Hate : holding your breath waiting to breathe

Hate is a word that is used so commonly in everyday sentences in every day conversation it is a word used very loosely but has a very strong meaning.The definition of hate is to have an intense  or passionate dislike for something or someone.I am going to be perfectly honestly  there was a period of time I truly truly hated my son during his drug addiction. I have been told I didn’t hate him I hated the things he did yes that was partially true I did hate the things he did but I hated him and everything about him and the person he became.. 

See my child was no longer there he was taken by the addiction and the person who had invaded his body was evil self absorbed cared about no one or anything but themselves and I hated him with same amount of intensity that I once loved him with. You may say or ask Oh my God how can you hate your own child honestly it became quite easy because you see my son was dead  and all was left was someone who resembled the child I once had in looks. The saddest thing about my hate was it tore me up inside because I was not suppose to feel that way I was his mom I gave him life  but addiction stole so much and took away so many things from him and my family and it didn’t bother him because the addiction and the addict doesn’t care about lost dreams or ruined holidays or gatherings.

I began to realize especially when things went from bad to worse hate is just like addiction it consumes you and takes over to were it controls you. See I as most family members need recovery as much as the addict and sometimes more because they suffer from the actions and reactions of the addiction and not only have to rebuild their lives that were ultimately almost destoyed as much as the addicts themselves but they need to be a support system as well while the addict recovers and becomes a new them. I wish I can say I woke up one day and all my hate was gone but it wasn’t it has taken almost two years of recovery for him and rebuilding of love and forgiveness to say I have slowly began to love the person he has become to be.

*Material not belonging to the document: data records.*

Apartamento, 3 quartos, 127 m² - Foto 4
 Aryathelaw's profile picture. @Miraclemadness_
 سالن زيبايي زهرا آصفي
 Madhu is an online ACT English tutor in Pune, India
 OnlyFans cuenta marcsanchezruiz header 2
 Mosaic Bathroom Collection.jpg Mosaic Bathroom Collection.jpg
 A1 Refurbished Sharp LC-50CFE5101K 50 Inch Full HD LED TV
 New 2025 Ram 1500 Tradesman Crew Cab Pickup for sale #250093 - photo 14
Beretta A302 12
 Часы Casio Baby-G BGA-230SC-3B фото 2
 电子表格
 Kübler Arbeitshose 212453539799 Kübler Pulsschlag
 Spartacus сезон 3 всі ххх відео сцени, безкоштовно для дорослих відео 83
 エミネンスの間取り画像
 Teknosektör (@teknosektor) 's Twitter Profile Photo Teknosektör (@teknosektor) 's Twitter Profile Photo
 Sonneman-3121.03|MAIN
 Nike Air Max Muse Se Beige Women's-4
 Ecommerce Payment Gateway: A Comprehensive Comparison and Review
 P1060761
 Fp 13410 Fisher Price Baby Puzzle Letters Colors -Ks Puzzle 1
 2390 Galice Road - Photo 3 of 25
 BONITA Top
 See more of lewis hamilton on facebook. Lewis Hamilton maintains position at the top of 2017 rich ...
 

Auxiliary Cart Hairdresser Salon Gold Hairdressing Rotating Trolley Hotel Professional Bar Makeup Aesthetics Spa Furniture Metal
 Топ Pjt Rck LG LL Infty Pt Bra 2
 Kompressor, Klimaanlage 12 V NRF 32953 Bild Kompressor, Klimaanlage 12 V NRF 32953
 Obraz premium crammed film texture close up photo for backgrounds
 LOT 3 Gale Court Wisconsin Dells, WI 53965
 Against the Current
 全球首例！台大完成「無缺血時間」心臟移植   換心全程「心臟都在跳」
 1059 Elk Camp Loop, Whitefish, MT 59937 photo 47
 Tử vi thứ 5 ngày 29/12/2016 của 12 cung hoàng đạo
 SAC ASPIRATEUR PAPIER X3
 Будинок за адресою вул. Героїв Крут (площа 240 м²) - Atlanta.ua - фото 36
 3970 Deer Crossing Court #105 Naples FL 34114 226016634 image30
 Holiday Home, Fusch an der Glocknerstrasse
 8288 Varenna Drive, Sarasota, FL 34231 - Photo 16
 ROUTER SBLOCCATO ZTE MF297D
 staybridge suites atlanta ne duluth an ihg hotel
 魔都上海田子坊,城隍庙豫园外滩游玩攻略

May I ask honest question for those who have a n addict in their life have you ever felt like I did and hate them or am I alone in the way I felt ..

 

Overlapping while holding your breath waiting to breathe

When  a  person in  your  life has  a  drug  addiction not  only does  it  affect  every area of their  life it  affects  every area  of their  loved ones  lives  as well. Loving  a  drug  addict  and  dealing with  their  issues and  them  in  general  is not  a part time  thing or  a sometime  thing  it consumes every moment  of  you . Every  second  your  wondering  where they  are,  who  are they  with, and   what  are they doing all  these  things  are  running  through  your mind  like  an  olympic athlete continually  keeping  you  exhausted  and  unable  to breathe life into  your  own  body.   The  constant  dealings  of  having  a  drug  addict in your  life  over  laps  into  every other  area  of  your  life  as  well.  Work, school ,relationship with  friends,  your  other  children and  most  of  all  your significant  other. Unfortunately  all the  stress  and  anguish  becomes  anger  and  bottled up  frustration  and  confusion  that  is not  taken out  on the person it  should be  The  Addict no  its  in  all the  the  areas  and  people  in  our lives  that  it  overlaps  into  that  we  vent out  at. The  addict  doesn’t  see  the  destruction  of  the  lives  he/she  are  destroying  outside  themselves  they  are  like  a skipping  child with no  cares  at  all  living  in their  own  little  world  feeding  their  downward  spiral. However when  their  addiction is not being  fed  it is  all  your fault  and  you  are the  one being  attack   from them  causing  even more  issues  in  all  overlapping  areas  of  your  life.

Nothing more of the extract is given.